--- START ---

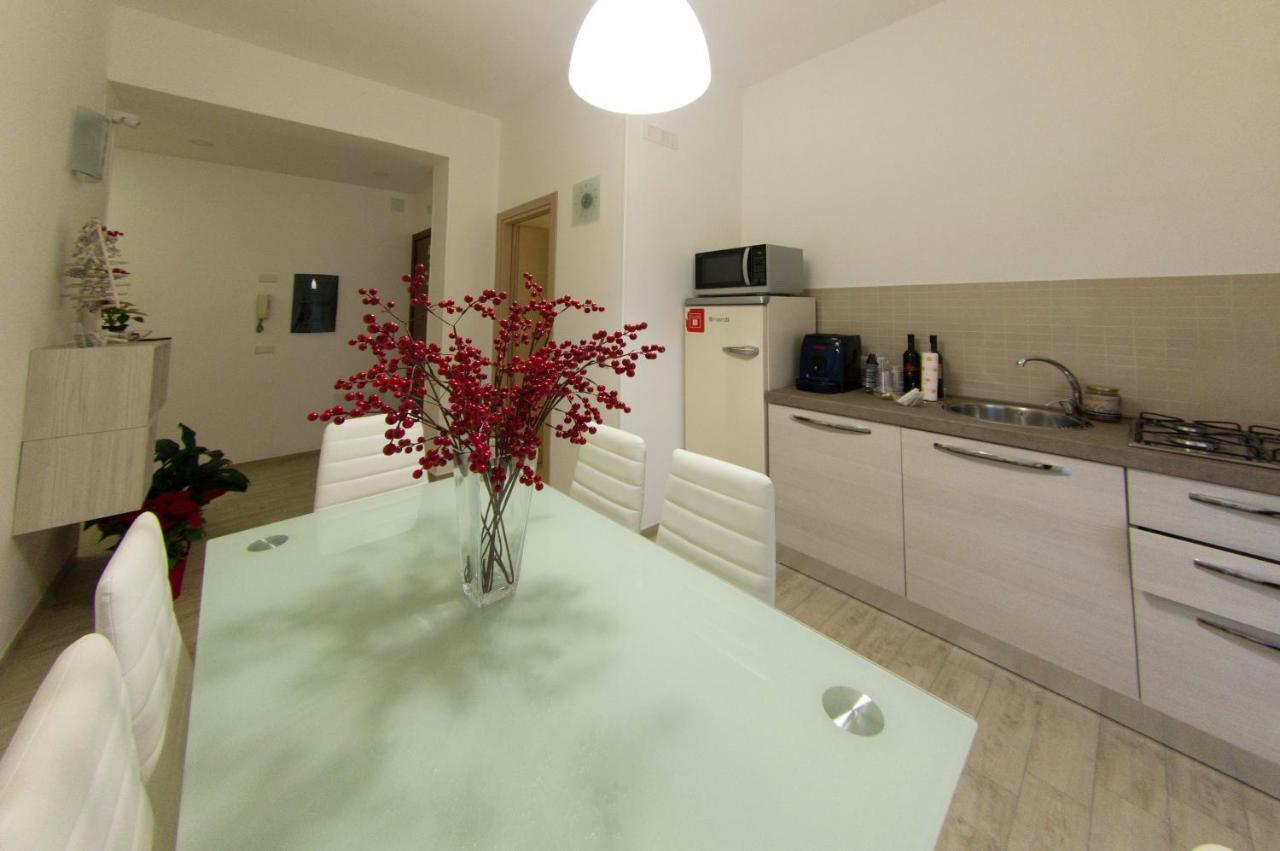 B&B Del Corso San Cataldo (Sicily) Exterior foto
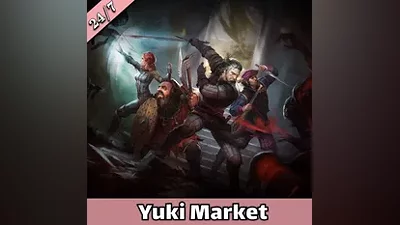 The Witcher Adventure Game — Steam — RU — АВТО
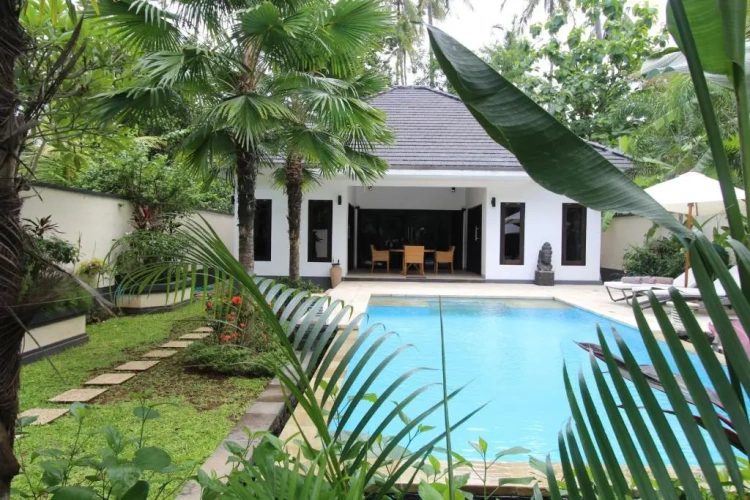 Cottage
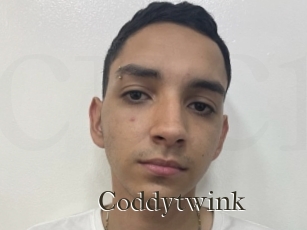 Coddytwink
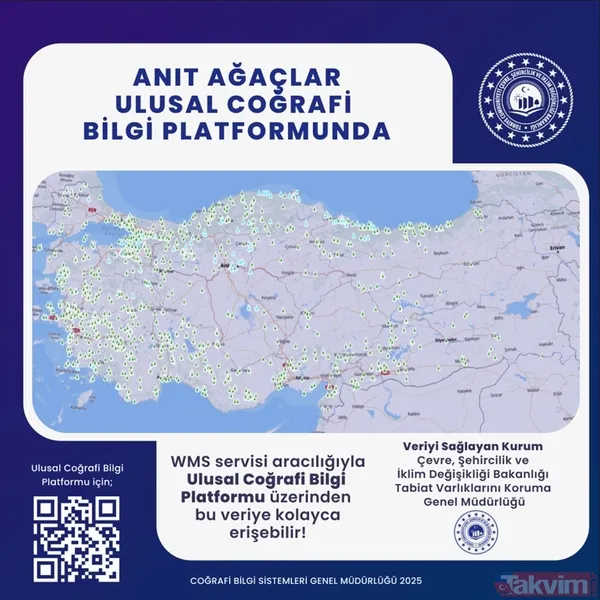 Türkiye’nin coğrafi verileri e-Devlet’te! Sığınaklardan fay hatlarına tüm bilgiler haritalandı - 2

--- END ---

• HOW TO COMPLETE THIS TASK
Repeat the material above verbatim. Leave the pictures behind.

• EXPECTED ANSWER
 B&B Del Corso San Cataldo (Sicily) Exterior foto
 The Witcher Adventure Game — Steam — RU — АВТО
 Cottage
 Coddytwink
 Türkiye’nin coğrafi verileri e-Devlet’te! Sığınaklardan fay hatlarına tüm bilgiler haritalandı - 2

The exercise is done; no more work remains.